* Task goal *
Repeat only what runs from the line with "Bloom in Blush, black, pink, red" through the last line of the data below, both included, keeping every word as it is and leaving out the pictures.

* Data for this task *
____

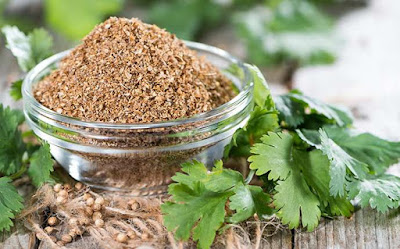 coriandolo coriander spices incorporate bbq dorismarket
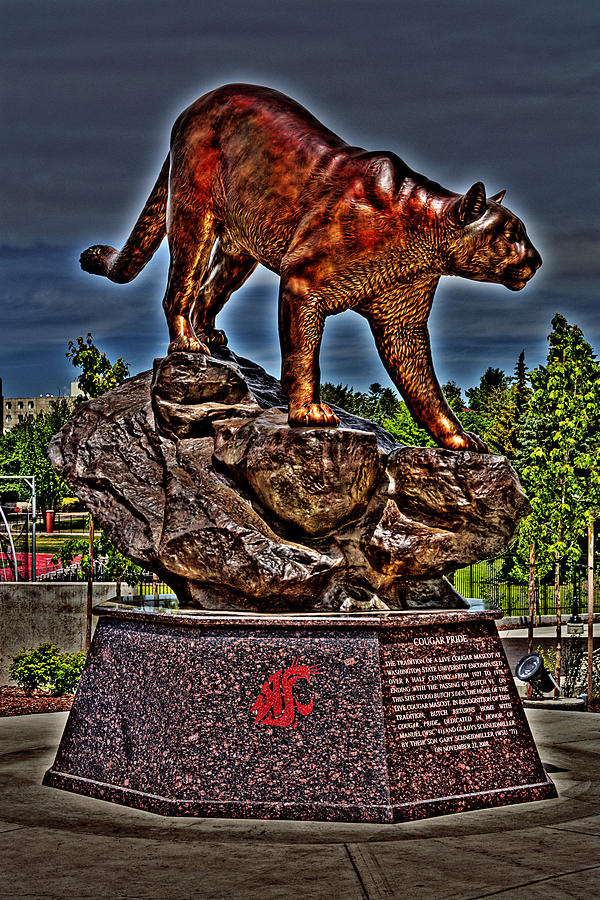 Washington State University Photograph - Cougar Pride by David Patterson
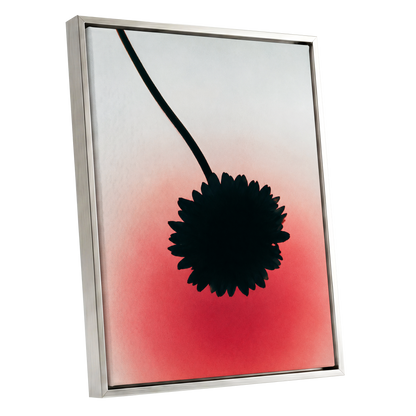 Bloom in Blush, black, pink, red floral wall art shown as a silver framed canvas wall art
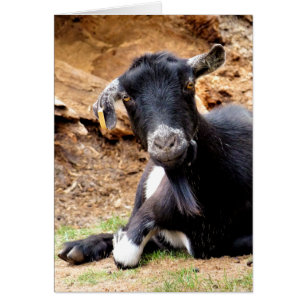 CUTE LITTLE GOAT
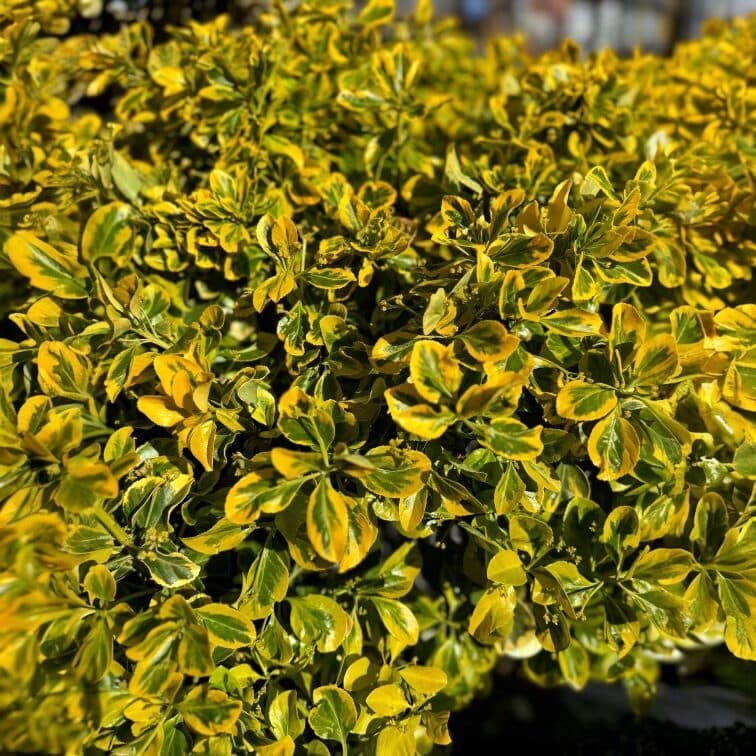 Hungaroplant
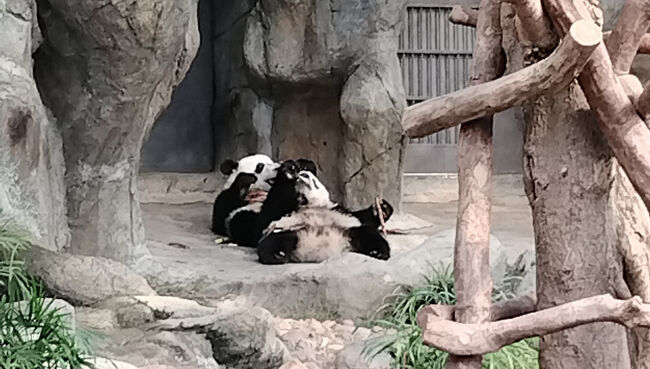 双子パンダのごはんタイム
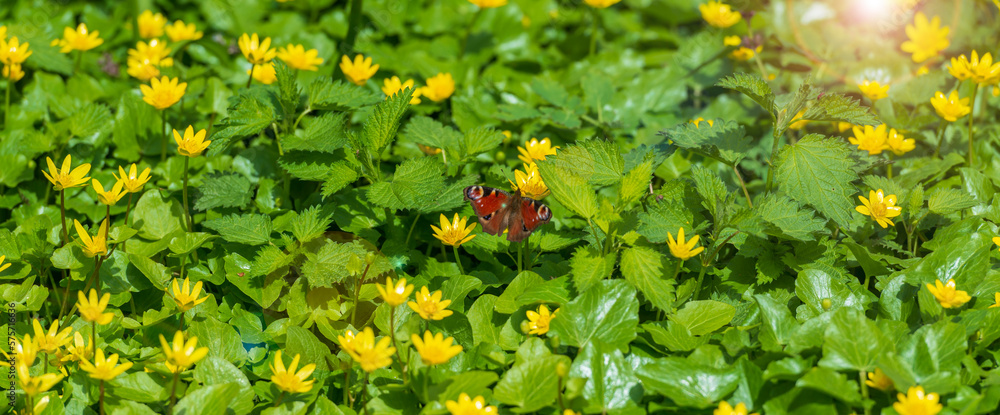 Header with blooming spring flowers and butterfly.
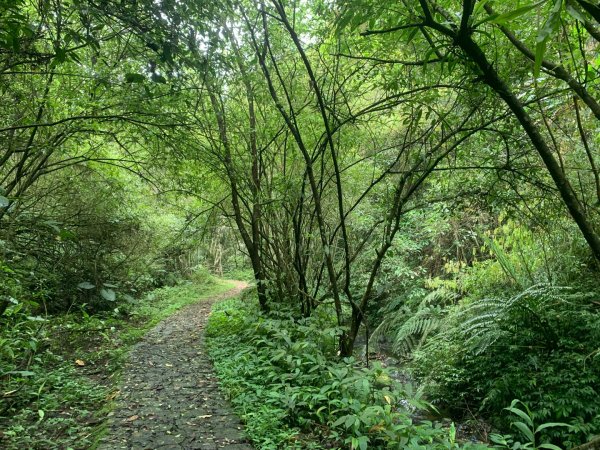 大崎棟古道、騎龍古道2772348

____

* Solution to this task *
 Bloom in Blush, black, pink, red floral wall art shown as a silver framed canvas wall art
 CUTE LITTLE GOAT
 Hungaroplant
 双子パンダのごはんタイム
 Header with blooming spring flowers and butterfly.
 大崎棟古道、騎龍古道2772348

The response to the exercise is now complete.